Several days later the farmer's horse returned, leading a whole herd of wild horses into the farmer's corral. The farmer's wife and son were ecstatic.
"How wonderful," the farmer's neighbors exclaimed. "you are the richest man in the village!"
"Is this good, or is it bad?" the farmer mused. "We'll see."

The neighbors went away perplexed at the farmer's reaction to such good fortune.

The following day, his son tried to ride one of the untamed horses, was thrown, and broke his leg. The farmer's wife was unconsolable, sobbing and rubbing ashes over her head and face. The neighbors again came to offer their sympathy on the farmer's misfortune. "This is awful," they exclaimed. "Such a great misfortune."

"Is this good, or is this bad?" the farmer mused." "I just don't know," he said, resignedly. "We'll see."

The neighbors left the farmer, commenting amongst themselves at just how callous the farmer was regarding this grave injury to his only son.

The day after, military officials came to the village and drafted all the young men of the village to fight in a battle few would return from. Seeing that the son's leg was broken, they passed him by. The neighbors congratulated the farmer on how well things had turned out after all

"We'll see" said the farmer.
The farmer was, indeed, dispassionate in the truest sense of the word. He neither suffered from seeming bad news, nor rejoiced for the seeming good. He accepted without judgment life as it presented itself, free of attachment to the course of events.

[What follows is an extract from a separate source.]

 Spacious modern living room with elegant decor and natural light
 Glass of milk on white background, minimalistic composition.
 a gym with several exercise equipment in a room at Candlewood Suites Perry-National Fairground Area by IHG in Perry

In a similar story from the Zen Buddhist tradition, the same unattached dispassion is exemplified.
A beautiful girl in the village was pregnant. Her angry parents demanded to know who was the father. At first resistant to confess, the anxious and embarrassed girl finally pointed to Hakuin, the Zen master whom everyone previously revered for living such a pure life.

When the outraged parents confronted Hakuin with their daughter's accusation, he simply replied "Is that so?"

When the child was born, the parents brought it to the Hakuin, who now was viewed as a pariah by the whole village. They demanded that he take care of the child since it was his responsibility.

"Is that so?" Hakuin said calmly as he accepted the child.

For many months he took very good care of the child, until the daughter could no longer withstand the lie she had told. She confessed that the real father was a young man in the village whom she had tried to protect.

The parents immediately went to Hakuin to see if he would return the baby. With profuse apologies they explained what had happened.

"Is that so?" Hakuin said as he handed them the child.

The point is nothing is 'good' or 'bad,' per se. It is our self-centered judgment that imbues everything with its seeming 'goodness' or 'badness.' In doing so, we create our own suffering. "Judge not, lest ye be judged," Jesus cautioned us. He did not mention that we are, the judge, jury and executioner, when we do so.